ASIC vs ? -- Performance & Cost

If your budget is less then 10-20 thousand dollars (or more realistically 100K+), you have no hope of getting an ASIC made.

The common device used instead of an ASIC, in situations where you cannot afford the NRE (non-returnable expenses - basically the cost for producing the masks for etching your asic, as well as the design costs), is to use a FPGA.

There is a list of papers related to using FPGAs for hash-cracking here.

A lot depends on what you mean when you say your budget is "limited". Big FPGAs can be several hundred dollars a piece, and that's just for the IC (integrated circuit)! The great majority of FPGA-based hash crackers that have been built by amateurs are done by reverse-engineering existing products from e-bay that use FPGAs, commonly real-time video encoding/processing devices.

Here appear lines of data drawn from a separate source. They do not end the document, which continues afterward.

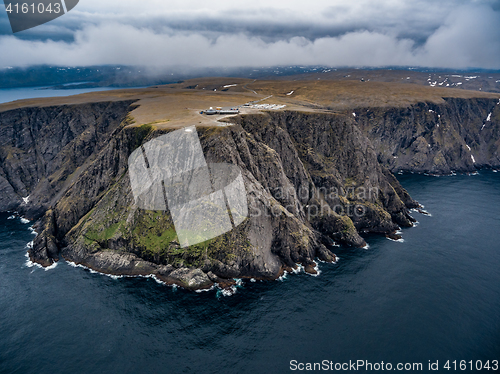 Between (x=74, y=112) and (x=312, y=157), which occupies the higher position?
(x=74, y=112)

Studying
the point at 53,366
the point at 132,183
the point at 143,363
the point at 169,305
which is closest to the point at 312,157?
the point at 132,183

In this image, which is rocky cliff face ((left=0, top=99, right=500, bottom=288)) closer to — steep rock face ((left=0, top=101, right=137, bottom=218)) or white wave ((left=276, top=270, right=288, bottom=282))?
steep rock face ((left=0, top=101, right=137, bottom=218))

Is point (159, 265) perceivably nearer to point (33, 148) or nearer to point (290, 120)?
point (290, 120)

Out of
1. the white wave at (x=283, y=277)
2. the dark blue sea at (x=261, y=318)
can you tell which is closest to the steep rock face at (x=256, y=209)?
the white wave at (x=283, y=277)

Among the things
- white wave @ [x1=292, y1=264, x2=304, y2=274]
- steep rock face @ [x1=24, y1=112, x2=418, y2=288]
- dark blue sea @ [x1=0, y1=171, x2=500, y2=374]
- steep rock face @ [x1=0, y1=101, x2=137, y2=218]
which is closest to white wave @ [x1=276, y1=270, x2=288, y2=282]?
dark blue sea @ [x1=0, y1=171, x2=500, y2=374]

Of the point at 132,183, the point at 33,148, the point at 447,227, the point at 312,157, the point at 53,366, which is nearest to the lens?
the point at 53,366

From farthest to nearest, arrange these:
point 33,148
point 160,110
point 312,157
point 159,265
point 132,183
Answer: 1. point 33,148
2. point 160,110
3. point 312,157
4. point 132,183
5. point 159,265

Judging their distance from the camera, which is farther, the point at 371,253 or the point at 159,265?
the point at 371,253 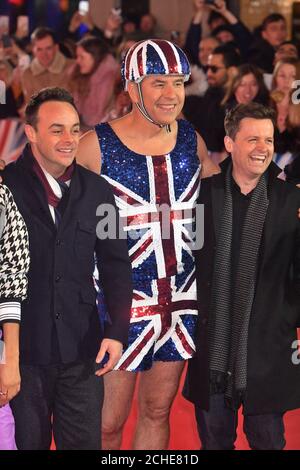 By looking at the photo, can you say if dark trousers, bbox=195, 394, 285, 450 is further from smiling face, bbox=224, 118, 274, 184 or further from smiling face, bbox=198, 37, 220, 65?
smiling face, bbox=198, 37, 220, 65

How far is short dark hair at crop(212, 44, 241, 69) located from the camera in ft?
27.6

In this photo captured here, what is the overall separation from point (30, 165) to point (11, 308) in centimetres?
56

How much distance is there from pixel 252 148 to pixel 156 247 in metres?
0.58

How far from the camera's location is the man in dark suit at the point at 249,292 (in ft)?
13.3

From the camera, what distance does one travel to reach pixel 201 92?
348 inches

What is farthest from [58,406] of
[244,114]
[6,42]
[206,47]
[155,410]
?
[6,42]

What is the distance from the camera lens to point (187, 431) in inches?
204

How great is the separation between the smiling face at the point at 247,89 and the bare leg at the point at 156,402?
3.76 meters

Really, if you're serious about this project, you should spend some time researching and understanding HDLs. FPGAs (as well as ASICs) are not "programmed" in C, or any other common language you may be familliar with. Instead, they use a language (called a 'Hardware description language") that describes a series of logic operations and registers, that all operate in parallel. It's quite different then C.

Then, you should purchase an inexpensive FPGA development board (digilent makes some nice ones), and get your hashing algorithm working and tuned. Then you could look at scaling up.

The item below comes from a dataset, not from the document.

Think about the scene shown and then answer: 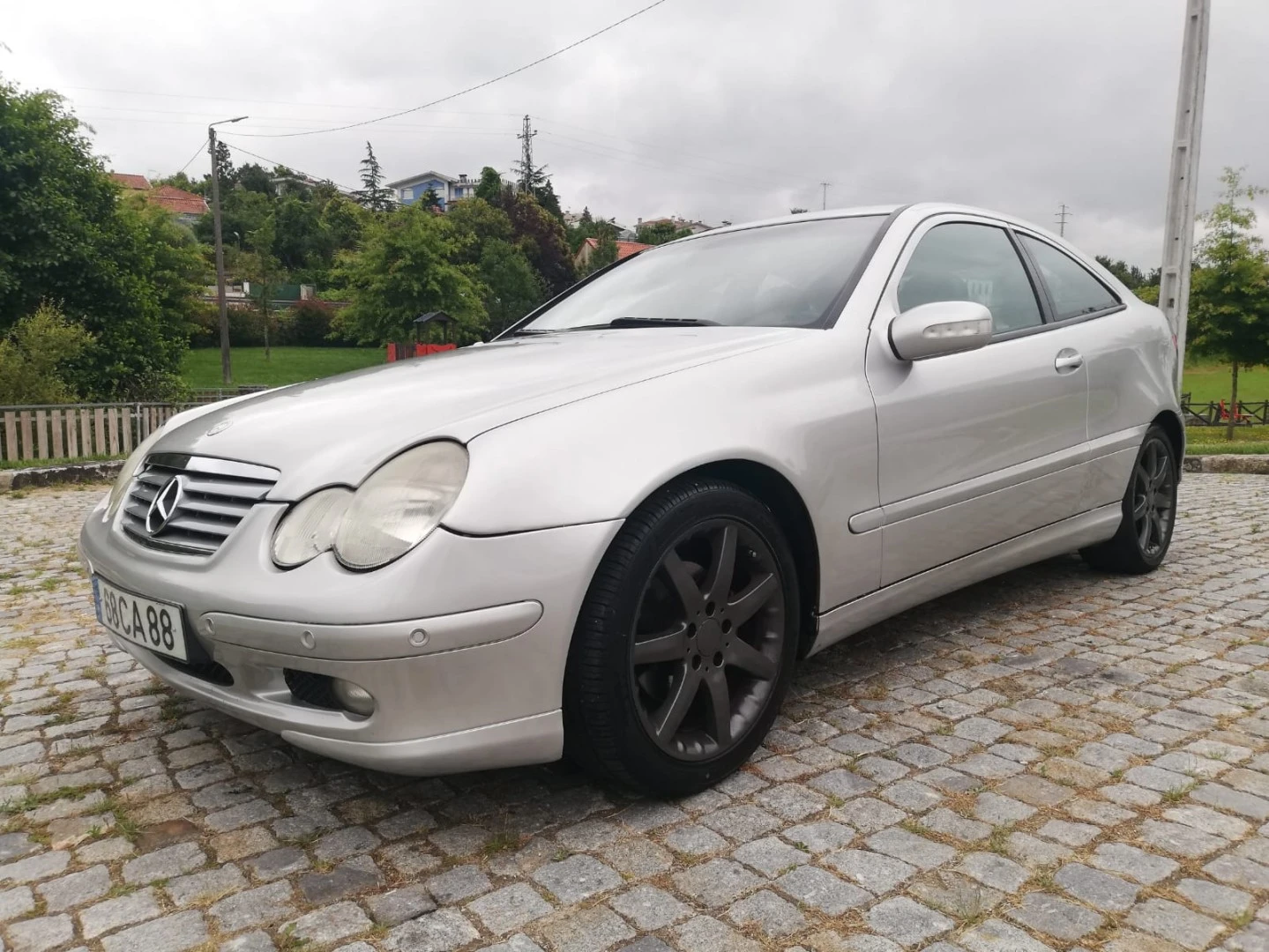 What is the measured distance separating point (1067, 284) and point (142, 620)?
11.4ft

It's worth noting that none of this would run linux at all. Everything ASICs do (as well as FPGAs) is so-called "bare metal" the way a ASIC/FPGA works is fundamentally different then a microcontroller, and there is no such thing as a FPGA "operating system". The extent to which linux (or any operating system) is likely to be involved is simply communicating with the special-purpose hardware and feeding it things to hash/reading back hashing hits. This would probably occur over USB, or if you're using a platform like the Zynq, through shared memory.


It's interesting that you mention the parallela people, as that's a pretty good example of the costs involved in doing a fairly complex ASIC. They needed about ~$750,000 to get their design produced as hardware.

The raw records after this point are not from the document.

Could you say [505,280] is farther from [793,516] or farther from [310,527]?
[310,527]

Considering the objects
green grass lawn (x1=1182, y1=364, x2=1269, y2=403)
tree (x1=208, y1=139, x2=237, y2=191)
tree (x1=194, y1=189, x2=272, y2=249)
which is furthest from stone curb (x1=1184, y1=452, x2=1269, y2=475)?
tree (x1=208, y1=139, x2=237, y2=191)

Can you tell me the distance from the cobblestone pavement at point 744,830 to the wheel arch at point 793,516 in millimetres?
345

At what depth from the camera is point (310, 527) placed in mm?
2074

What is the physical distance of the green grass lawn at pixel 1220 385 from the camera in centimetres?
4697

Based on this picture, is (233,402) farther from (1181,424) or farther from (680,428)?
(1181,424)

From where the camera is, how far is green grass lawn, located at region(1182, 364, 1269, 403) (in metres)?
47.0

Why not look for a generally available existing crypto IC that does what you want?

Example

family of secure authentication ICs using the SHA-256 hash algorithm with a 256-bit key length

There are development kits. Sparkfun produce a breakout for it. It communicates using I2C or 1-wire.

(caveat - I've no idea if this particular chip can be used in the way you want)


If bitcoin-mining is the objective, for $1299 75bc you can buy an ASIC-based bitcoin miner. As in all gold-rushes, the shovel sellers prosper more than 99% of the guys desperately scrabbling knee-deep in mud.


FPGAs are definitely the way to go here. I have an Atlys board ($349, $199 for students) that I use for my personal development and it's definitely suits my needs at the moment. There is even open source hashing firmware for bitmining that you might be able to hack or use as a starting point for your own firmware.

Using an atlys, you can get about 3.2 MH/s, this might work for your application. If this is for bitcoin mining, this calculator indicates you'll make 0.0001 BTC in 24 hours at the current difficulty. I looked into it a while back and it's just not worth it unless you have a much beefier board, like perhaps one with a virtex 5 FPGA on it, especially if you're a student ($995, $445 for students).

Just to note, FPGA firmware coding and normal procedural coding are worlds apart. Even if you write code in verilog, which is similar syntactically to c, you are essentially describing the hardware rather that giving a processor a list of instructions.